Quel est le pourcentage de victoire de la France en Serbie ?
Pour l’instant, même si les résultats de nos joueurs vont aller crescendo, je pense que l’on a 40% de chances de l’emporter. Ils ont un premier joueur qui est meilleur que le nôtre et leur deuxième peut aussi battre le nôtre et notre premier. On l’a vu, Tipsarevic a battu Andy Roddick dernièrement. Je les pense capable de battre n’importe, top 5 excepté. Nous, on est capables de faire de grandes choses, c’est sûr, mais on va jouer chez eux. Sur le plan sportif, actuellement, c’est du 55–45 pour eux, mais je leur accorde 5% de plus dans la mesure où ils jouent chez eux. »

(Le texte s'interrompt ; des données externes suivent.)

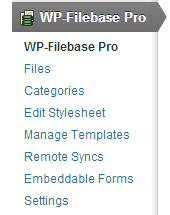 WP-Filebase Pro Menu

Votre meilleur souvenir en Coupe Davis ? Le pire ?
La victoire contre les Américains à Lyon. Je n’étais plus sur la chaise, j’étais à l’antenne et j’ai trouvé ça exceptionnel. Le moins bon souvenir, en‐dehors des cinq‐six souvenirs désastreux dont j’ai parlé tout à l’heure : la défaite en demi‐finale, contre les Australiens, en Australie. Si on les avait battus, je pense qu’on aurait largement pu gagner la Coupe Davis. Alors que, face aux Américains en finale, on avait une chance sur deux, voire trois.